A modification of the orthopaedic marker of FIG. 4 is shown in FIG. 4A,
with parts being the same and identified by the use of similar numerals
with the addition of the suffix a. The distinction in FIG. 4A is that the
ring is split diametrically at 52 and 54, with a hinge 56 being connected
across the split 54, and a suitable latch 58 being connected across the
split 52. The orthopaedic marker of FIG. 4A is more readily installed and
removed with regard to a larger number of bones by virtue of the fact that
the ring 48a can be pivoted open and closed.

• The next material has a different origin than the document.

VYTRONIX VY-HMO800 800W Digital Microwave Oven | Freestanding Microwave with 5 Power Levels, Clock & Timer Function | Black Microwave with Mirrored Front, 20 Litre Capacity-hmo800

A further embodiment of the orthopaedic marker is shown in FIG. 5. Both
parts are again similar, and are identified by like numerals with the
addition of the suffix b. The distinction in this instance is that the
ring 48b is open at 60 over a substantial arcuate extent. Thus, the ring
48b can be slipped over a bone by movement of the ring generally in a
radial direction, following which the set screws 50b are screwed in to
clamp the bone.
Another modification of the orthopaedic marker is shown in FIG. 6. Many
parts are the same, and are identified by similar numerals with the
addition of the suffix c. In this instance there is no ring at the bottom
or lower end of the staff or post. Instead, there is a tapered screw 62. A
pilot hole would be bored in the bone, and the screw thread 62 threaded in
to form a tight fit.
Yet another embodiment of the orthopaedic marker is illustrated in FIG. 7.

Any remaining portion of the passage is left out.